La Chine a confirmé sa médaille d’or, sa cinquième de suite aux JO, sans difficulté. Les Allemandes ont surpassé les Italiennes pour arracher le bronze.

À sa première expérience olympique, Citrini-Beaulieu, 26 ans, est donc montée sur le podium.

« J’avais confiance en Jenn et je savais qu’elle ferait ce qu’elle a à faire, a expliqué l’étudiante universitaire en sciences infirmières. J’ai juste essayé de rester calme et concentrée sur le moment présent. C’était difficile, mais on l’a fait et j’en suis fière. »

À ses quatrièmes JO, Abel, 29 ans, remporte sa deuxième médaille après le bronze de 2012 avec Émilie Heymans en synchro. À l’époque, elle souhaitait simplement ne pas rater son coup et empêcher sa coéquipière de monter sur le podium à quatre JO consécutifs.

« Ici, je voulais le faire avec Mélissa et personne d’autre.
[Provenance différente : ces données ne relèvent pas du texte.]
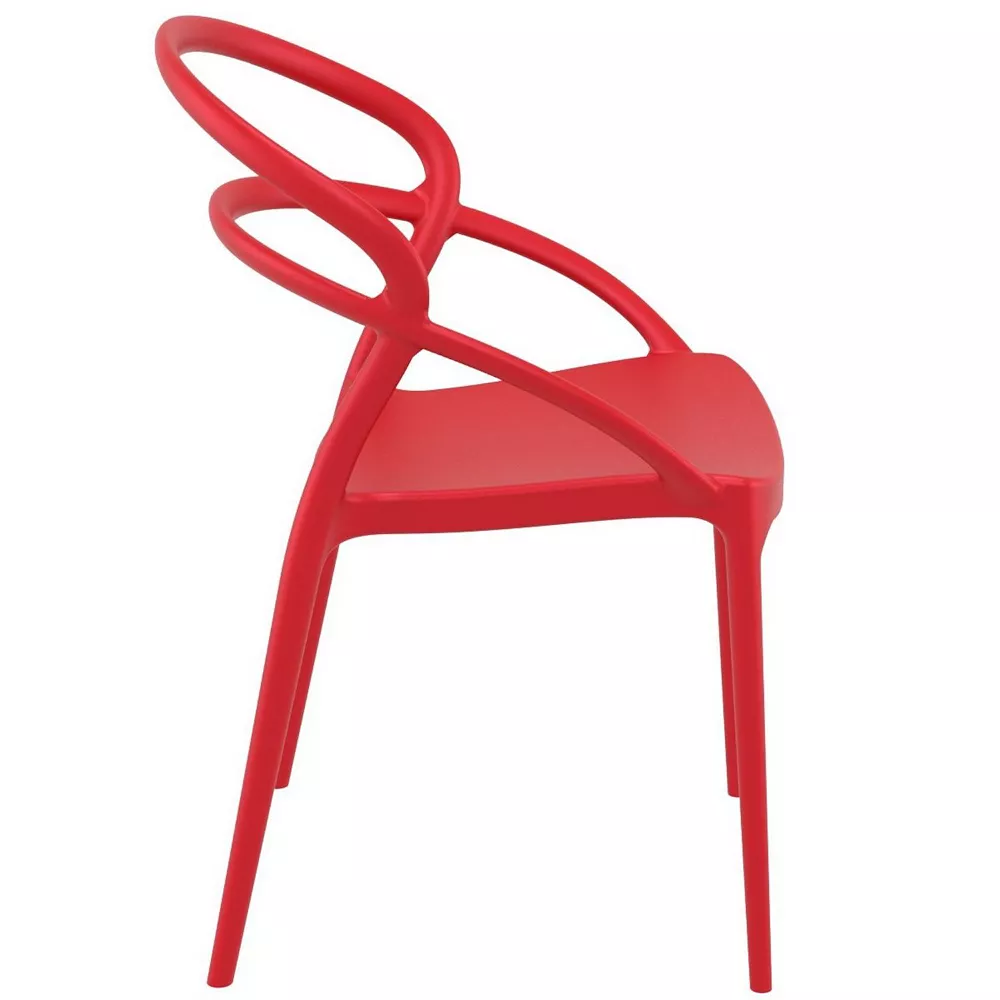 Luxury Commercial Living 32.25" Red Outdoor Patio Round Dining Chair 4 Luxury Commercial Living 32.25" Red Outdoor Patio Round Dining Chair - Image 2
C’était vraiment pour notre équipe et tout le travail qu’on y a mis. […] Ce sont deux sentiments de fierté différents. »

Abel tourne maintenant son attention sur l’épreuve individuelle qui se déroulera du 30 juillet au 1er août. Elle ne se ferait pas prier pour s’accrocher elle-même une médaille au cou.